(Try it):
What you produce should be an exact transcription of the data, minus any pictures.

(Source data):
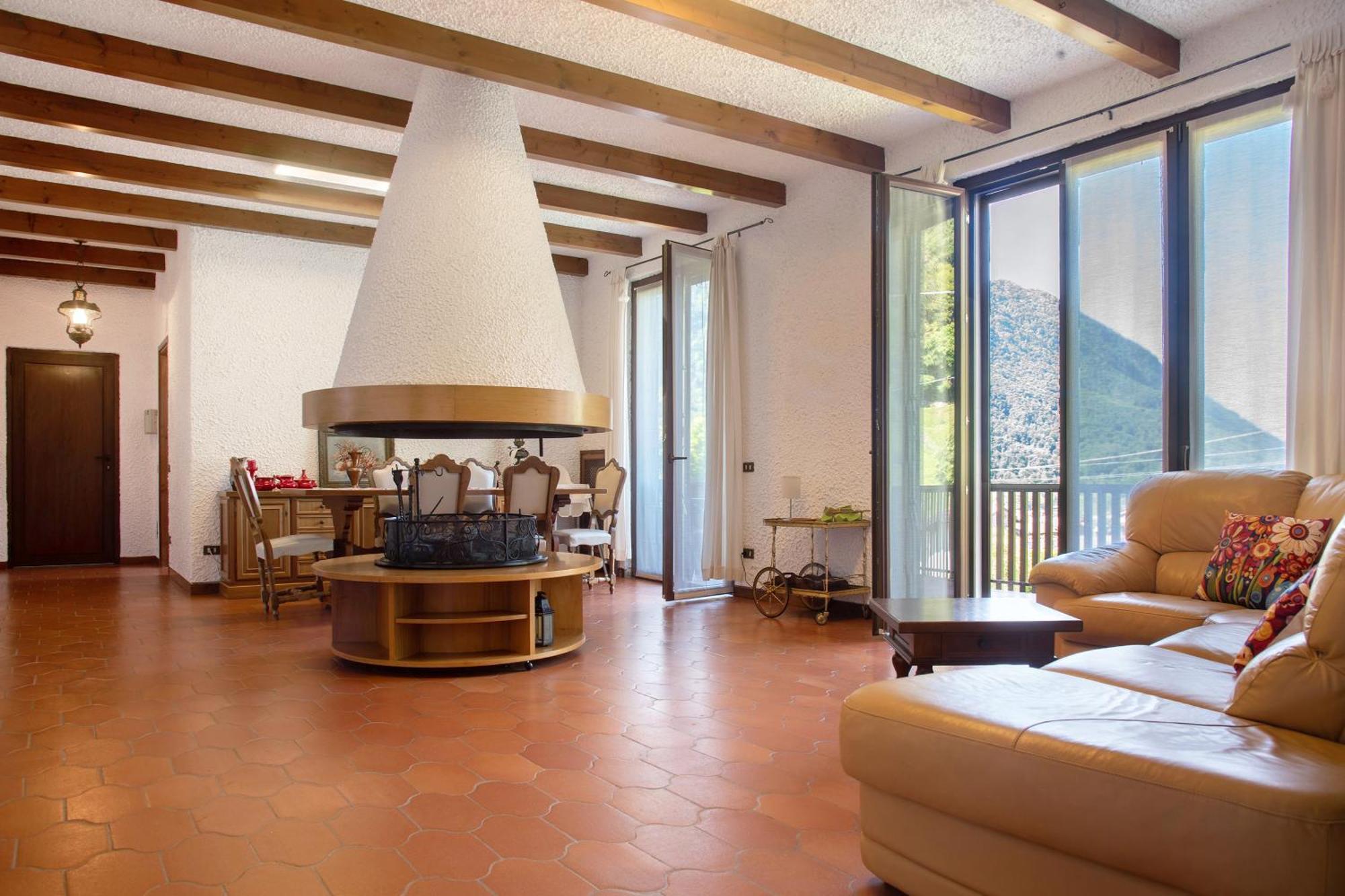 Villa Olga Lago Maggiore Castelveccana Exterior foto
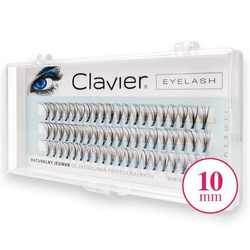 Clavier Eyelash kępki rzęs 10mm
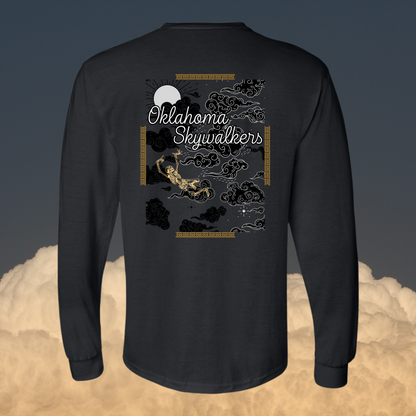 Golden Bones Oklahoma Skywalkers Longsleeve T-Shirts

(Result of this task):
 Villa Olga Lago Maggiore Castelveccana Exterior foto
 Clavier Eyelash kępki rzęs 10mm
 Golden Bones Oklahoma Skywalkers Longsleeve T-Shirts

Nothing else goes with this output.